**COLLECTED MATERIAL**
▬▬▬

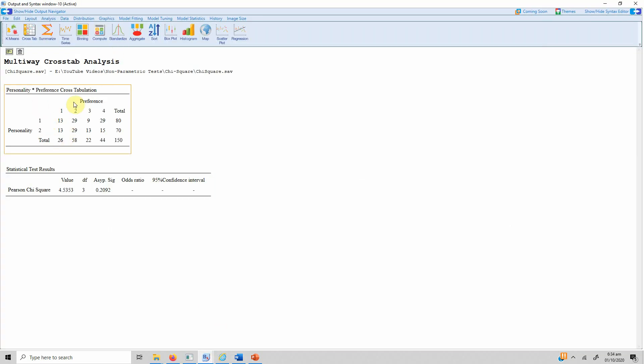This is how you can run chi-square statistics in Blue Sky Statistics. It also gives you the crosstab report and your statistical test results.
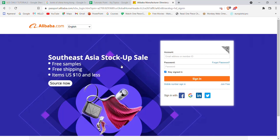On this page, you'll have to fill in some credentials. You will have to fill in your email address or member ID, your password, and then click on Sign In. Once you click on the Sign In button and if you have filled in these credentials correctly, you'll be automatically logged in to Alibaba.com.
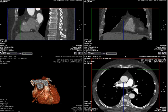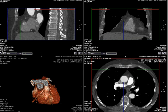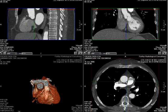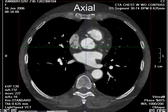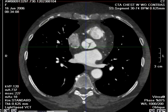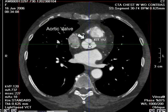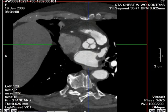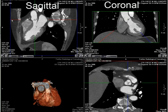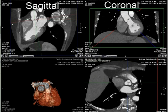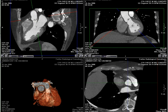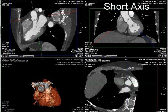The first thing we're going to do is evaluate the origin of the right coronary artery. On the axial images, we are going to head to the level of the aortic valve, and then using our coronal and sagittal images, obtain two long axis views of the aorta, which produce a beautiful short axis view.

▬▬▬

What you give back must match the material word for word, with no images included.

This is how you can run chi-square statistics in Blue Sky Statistics. It also gives you the crosstab report and your statistical test results.
On this page, you'll have to fill in some credentials. You will have to fill in your email address or member ID, your password, and then click on Sign In. Once you click on the Sign In button and if you have filled in these credentials correctly, you'll be automatically logged in to Alibaba.com.
The first thing we're going to do is evaluate the origin of the right coronary artery. On the axial images, we are going to head to the level of the aortic valve, and then using our coronal and sagittal images, obtain two long axis views of the aorta, which produce a beautiful short axis view.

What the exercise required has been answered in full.